Book XV.
Begins by setting forth briefly and in sum the contents of the previous fourteen books. The argument is then shown to have reached so far as to allow of our now inquiring concerning the Trinity, which is God, in those eternal, incorporeal, and unchangeable things themselves, in the perfect contemplation of which a blessed life is promised to us. But this Trinity, as he shows, is here seen by us as by a mirror and in an enigma, in that it is seen by means of the image of God, which we are, as in a likeness that is obscure and hard of discernment. In like manner, it is shown, that some kind of conjecture and explanation may be gathered respecting the generation of the divine Word, from the word of our own mind, but only with difficulty, on account of the exceeding disparity which is discernible between the two words; and, again, respecting the procession of the Holy Spirit, from the love that is joined thereto by the will.

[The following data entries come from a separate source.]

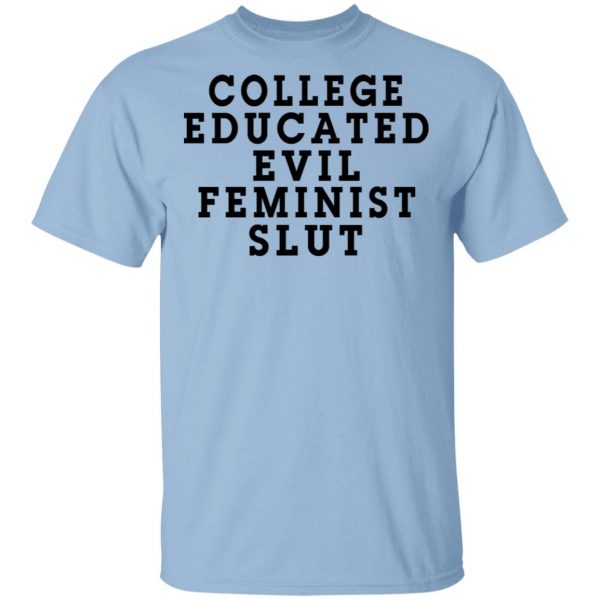 College Educated Evil Feminist Slut Shirt, Hoodie, Tank 3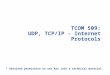 TCOM 509: UDP, TCP/IP - Internet Protocols * Obtained permission to use Raj Jain’s technical material
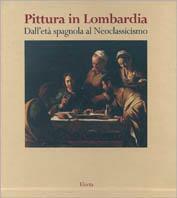 Pittura in Lombardia. Dall'età spagnola al neoclassicismo. Ediz. illustrata  - Libro Mondadori Electa 1999, Arte e cultura | Libraccio.it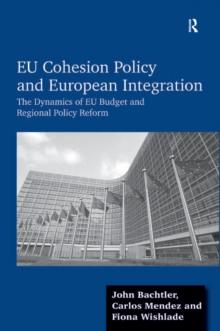 EU Cohesion Policy and European Integration : The Dynamics of EU Budget and Regional Policy Reform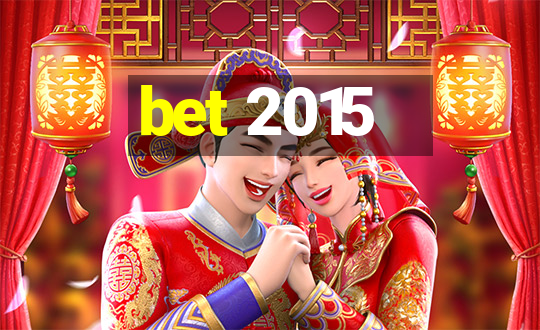 bet 2015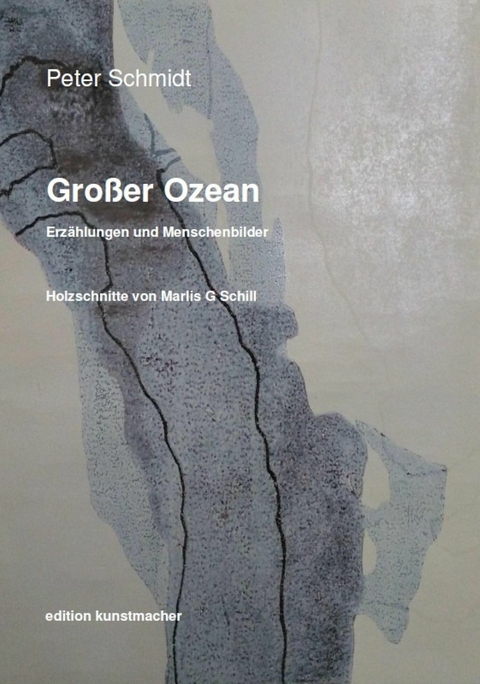 Gro&szlig;er Ozean. - Peter Schmidt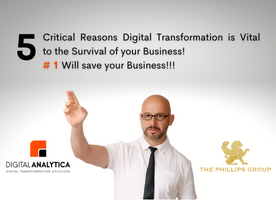 5 Critical Reasons Digital Transformation is Vital to the Survival of your Business! # 1 Will save your Business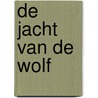 De jacht van de Wolf door Martyn van Beek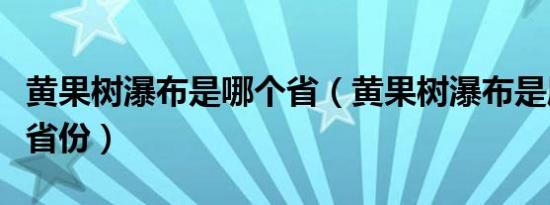 黄果树瀑布是哪个省（黄果树瀑布是属于哪个省份）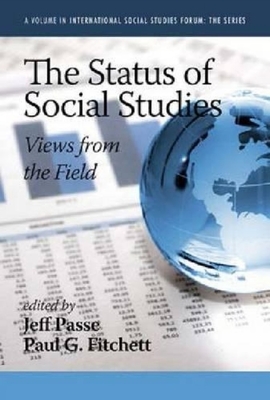 The Status of Social Studies: Views from the Field - Passe, Jeff (Editor), and Fitchett, Paul G (Editor)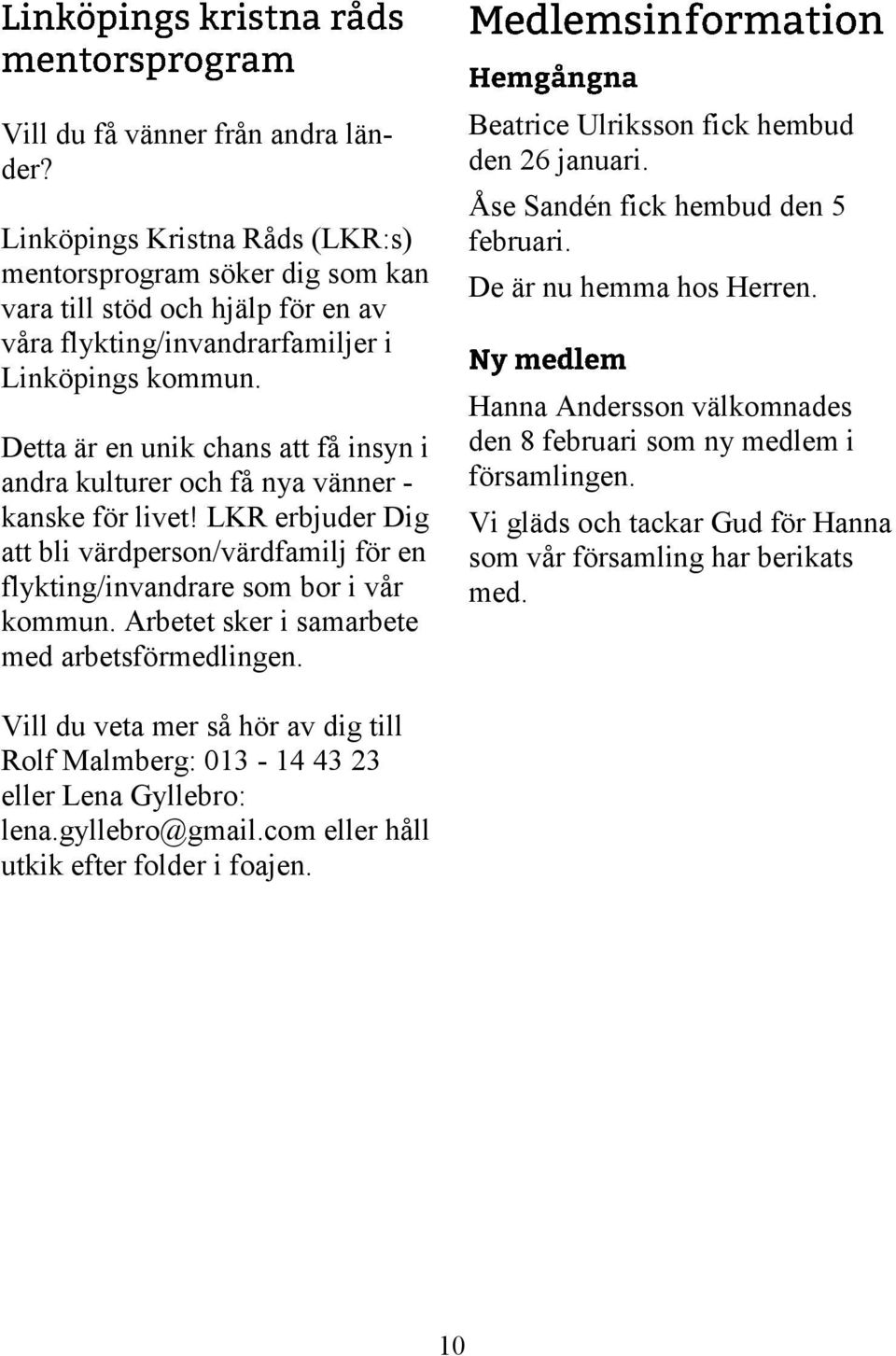 Arbetet sker i samarbete med arbetsförmedlingen. Beatrice Ulriksson fick hembud den 26 januari. Åse Sandén fick hembud den 5 februari. De är nu hemma hos Herren.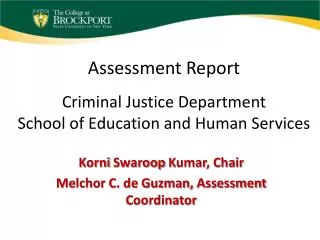 Assessment Report Criminal Justice Department School of Education and Human Services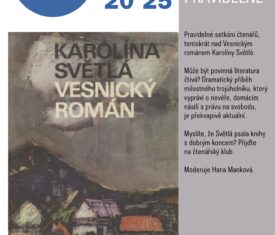 Pravidelné setkání čtenářů, tentokrát nad Vesnickým románem Karolíny Světlé. Může být povinná literatura čtivá? Dramatický příběh milostného trojúhelníku, který vypráví o nevěře, domácím násilí a právu na svobodu, je překvapivě aktuální. Myslíte, že Světlá psala knihy s dobrým koncem? Přijďte na čtenářský klub. Moderuje Hana Manková. / jazyková učebna 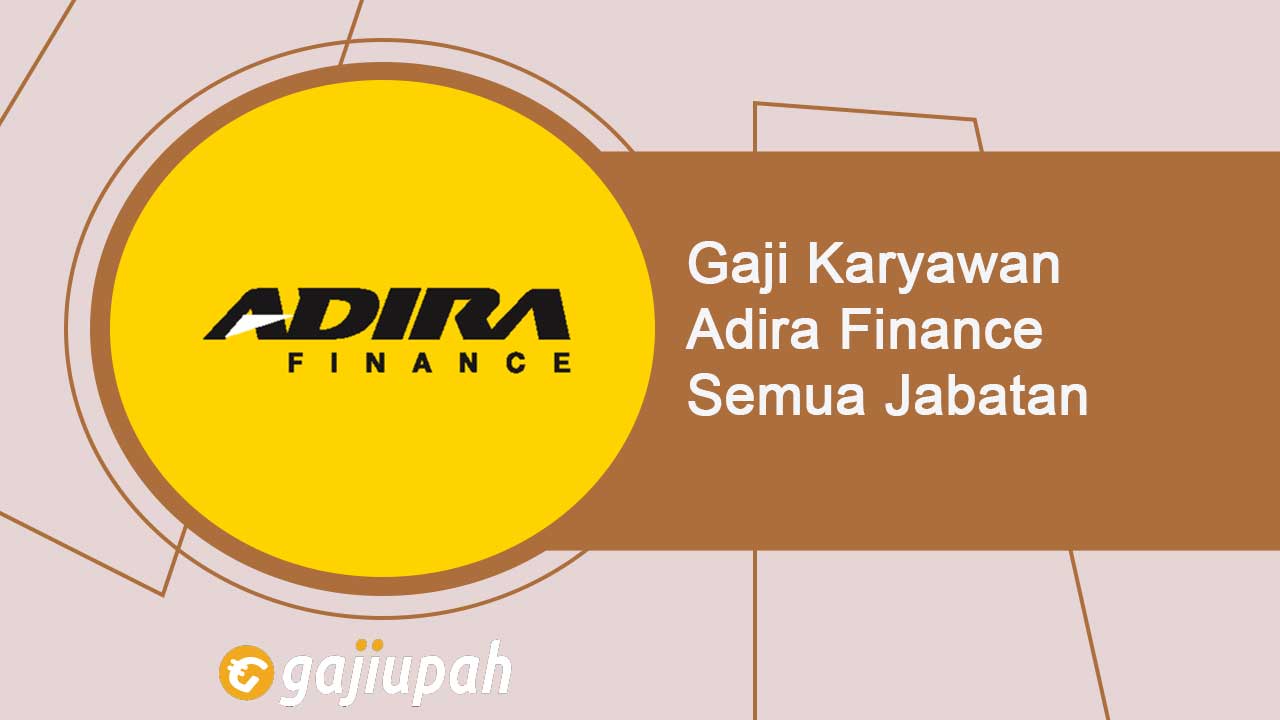 Gaji Karyawan Adira Finance Semua Jabatan Terbaru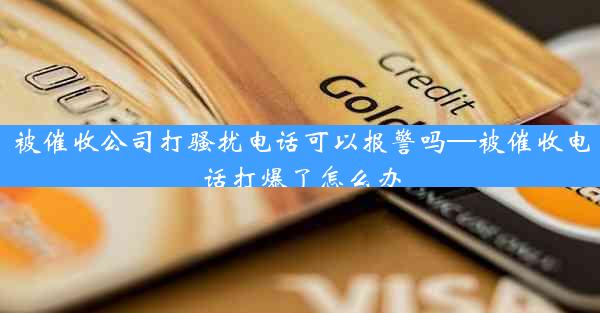 被催收公司打骚扰电话可以报警吗—被催收电话打爆了怎么办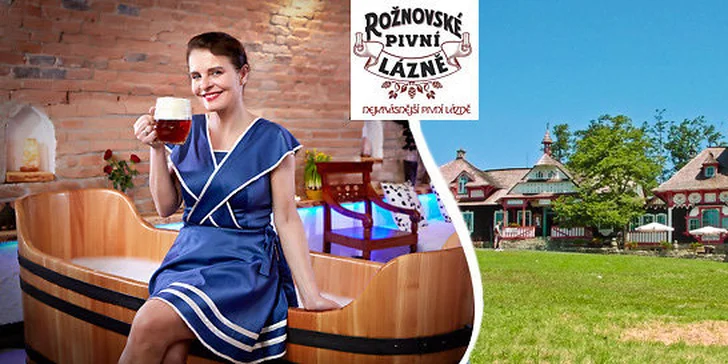 Relax v Rožnovských pivních lázních a pobyt na Pustevnách pro dva
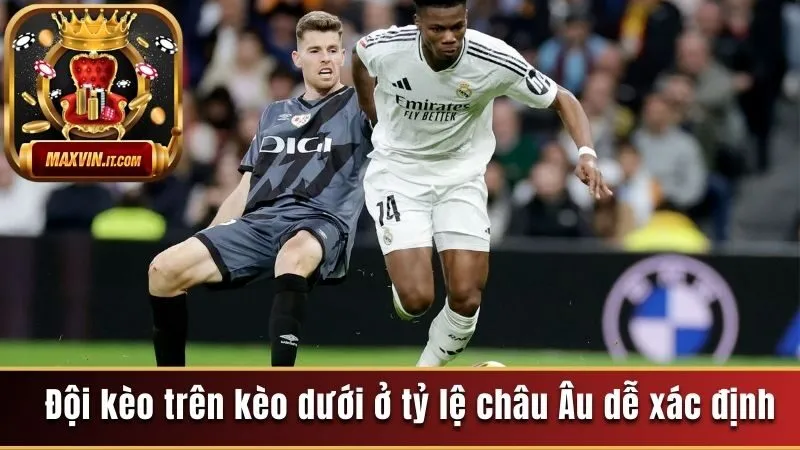 Đội kèo trên kèo dưới ở tỷ lệ châu Âu dễ xác định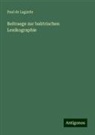 Paul De Lagarde - Beitraege zur baktrischen Lexikographie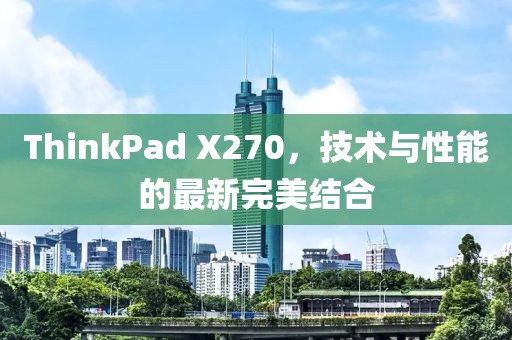 ThinkPad X270，技术与性能的最新完美结合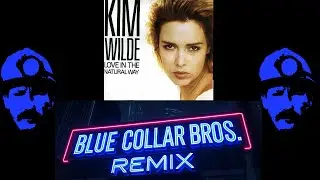 Kim Wilde - Love in the natural way (Blue Collar Bros Remix)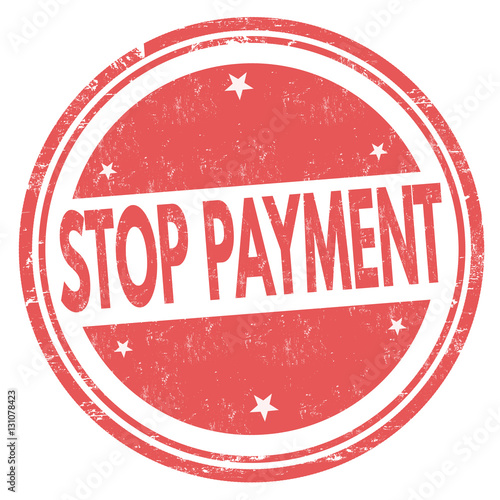 Stop payment sign or stamp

LIBER QUINTUS DECIMUS. Principio, quid in singulis quatuordecim superioribus libris dictum sit, exponit breviter ac summatim, eoque demum pervenisse disputationem docet, ut Trinitas quae Deus est, jam in ipsis rebus aeternis, incorporalibus et immutabilibus, in quarum perfecta contemplatione nobis beata vita promittitur, inquiratur. Hanc vero Trinitatem ostendit hic videri a nobis tanquam per speculum et in aenigmate, dum videtur per imaginem Dei, quod nos sumus, ut in similitudine obscura et ad perspiciendum difficili. Sic et ex verbo mentis nostrae Verbi divini generationem, nonnisi difficulter, propter eam quae inter utrumque verbum interesse observatur disparitas quam maxima; et ex dilectione quae a voluntate adjungitur, Spiritus sancti processionem conjici utcumque et explicari posse demonstrat.